With video, audio and digital files increasing exponentially, where do you see the biggest bottlenecks emerging? How is Veritone preparing for evidence environments five years from now?
The biggest bottlenecks are rooted in fragmented systems, data silos and the lack of interoperability across tools. This leads to issues with efficient data organization, accessibility and analysis speed. Traditional infrastructure struggles to keep up with the exponential growth of high-resolution evidence from diverse inputs like bodycams, drones and surveillance networks. Veritone is addressing these challenges by prioritizing an open architecture approach with its aiWARE platform and VDR. This focus ensures integration with existing systems, avoiding vendor lock-in and enabling agencies to unify their evidence workflows. By streamlining data tokenization, indexing and retrieval at scale, Veritone can handle the growing volume of digital evidence while future-proofing agencies against the risks of outdated, siloed technologies. This open and scalable design empowers agencies to optimize workflows, maintain flexibility and stay ahead in increasingly demanding evidence environments.

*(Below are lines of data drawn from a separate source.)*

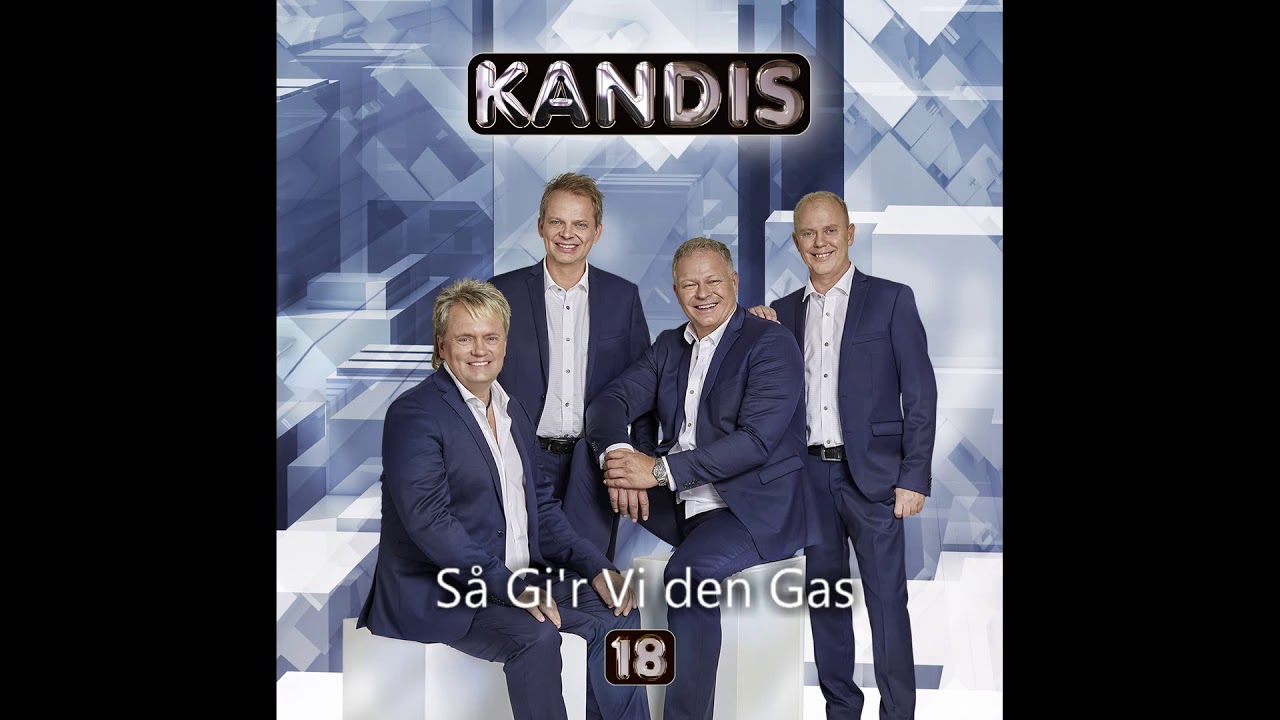 Så Gi'r Vi den Gas - Kandis 18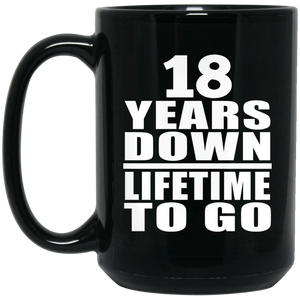18th Anniversary 18 Years Down Lifetime To Go - 15 Oz Coffee Mug Black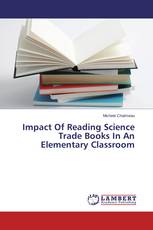 Impact Of Reading Science Trade Books In An Elementary Classroom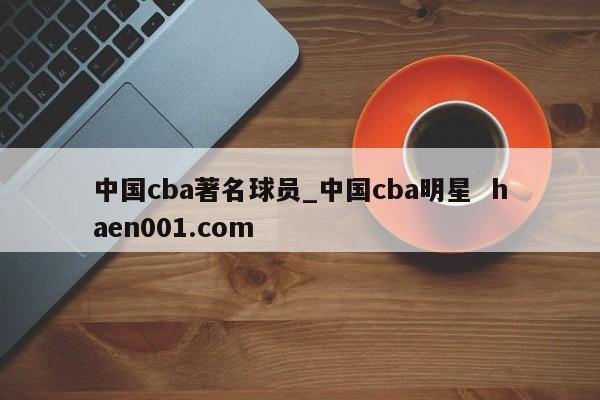 中国cba著名球员_中国cba明星  haen001.com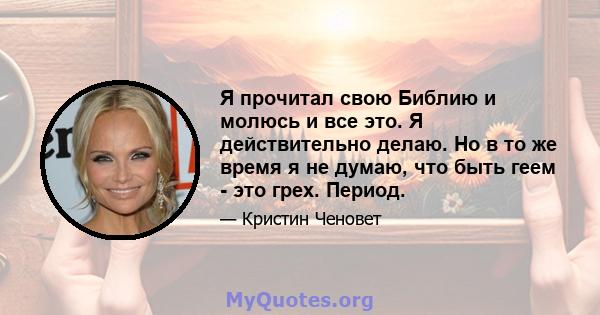 Я прочитал свою Библию и молюсь и все это. Я действительно делаю. Но в то же время я не думаю, что быть геем - это грех. Период.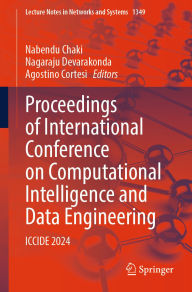 Title: Proceedings of International Conference on Computational Intelligence and Data Engineering: ICCIDE 2024, Author: Nabendu Chaki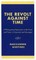 The Revolt Against Time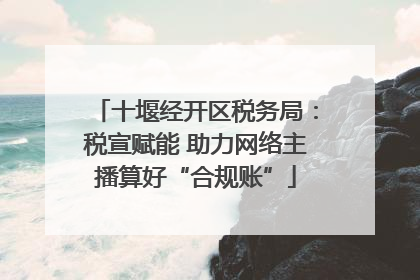 十堰经开区税务局：税宣赋能 助力网络主播算好“合规账”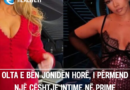 Olta e bën Jonidën horë, i përmend një çështje intime në prime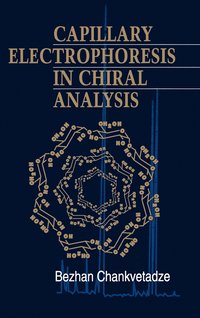 bokomslag Capillary Electrophoresis in Chiral Analysis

For executives reading this, what are the top misconceptions agencies have when evaluating AI platforms, and how can vendors better support chiefs through procurement and rollout?
A key misconception is expecting instant results without preparation, overlooking the importance of training datasets and workflow integration. Agencies may also fear AI will replace human oversight, causing resistance among staff. Vendors can address these concerns by providing clear, realistic expectations of AI capabilities, demonstrating its role in augmenting decision-making. By offering tailored demonstrations, ongoing training and hands-on support during rollout, vendors can build trust, ease transitions and ensure AI solutions are fully optimized for agency use.
Over the last couple of years, we’ve heard a lot about novelty and proof of concepts with AI. The organizations that will succeed in seeing value from their investments in AI are those that understand their data sets and then begin implementing AI to solve simple, manual workflows before scaling to meet their needs.